== WHAT THE TASK ASKS ==
Line tally for "Body": state how many lines of the entries include it, with no other text.

== DATASET RECORDS ==
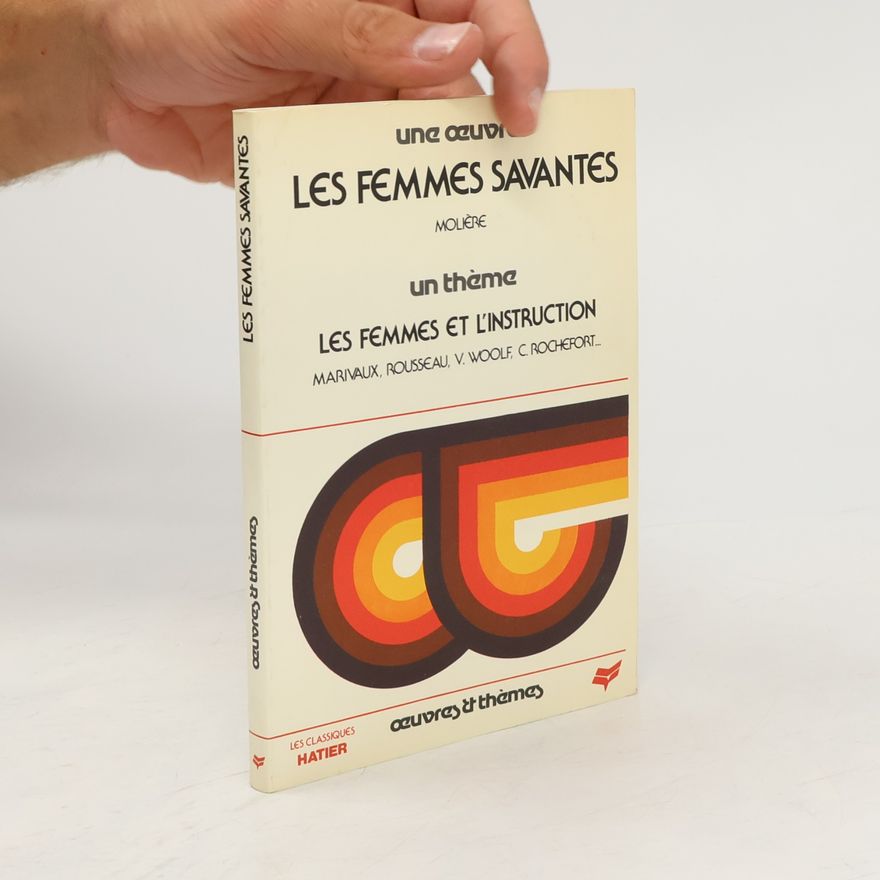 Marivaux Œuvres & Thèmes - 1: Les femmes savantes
==
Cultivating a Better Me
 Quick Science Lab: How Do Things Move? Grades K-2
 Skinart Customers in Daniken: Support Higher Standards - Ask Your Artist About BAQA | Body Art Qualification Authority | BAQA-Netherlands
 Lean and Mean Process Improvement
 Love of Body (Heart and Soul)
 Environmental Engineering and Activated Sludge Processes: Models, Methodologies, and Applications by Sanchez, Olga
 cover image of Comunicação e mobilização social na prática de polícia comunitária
---
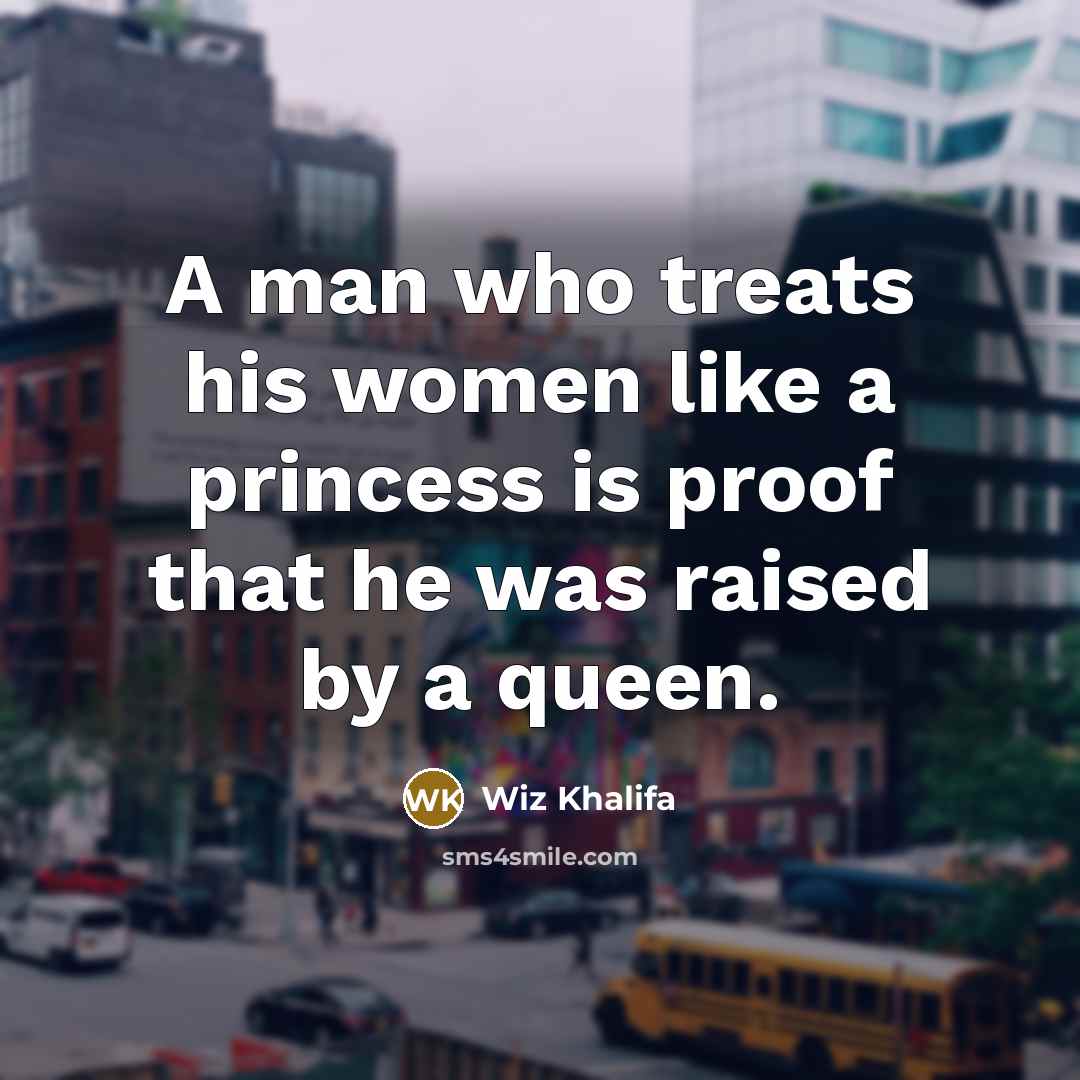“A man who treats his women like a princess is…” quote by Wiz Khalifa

== FINISHED EXERCISE ==
2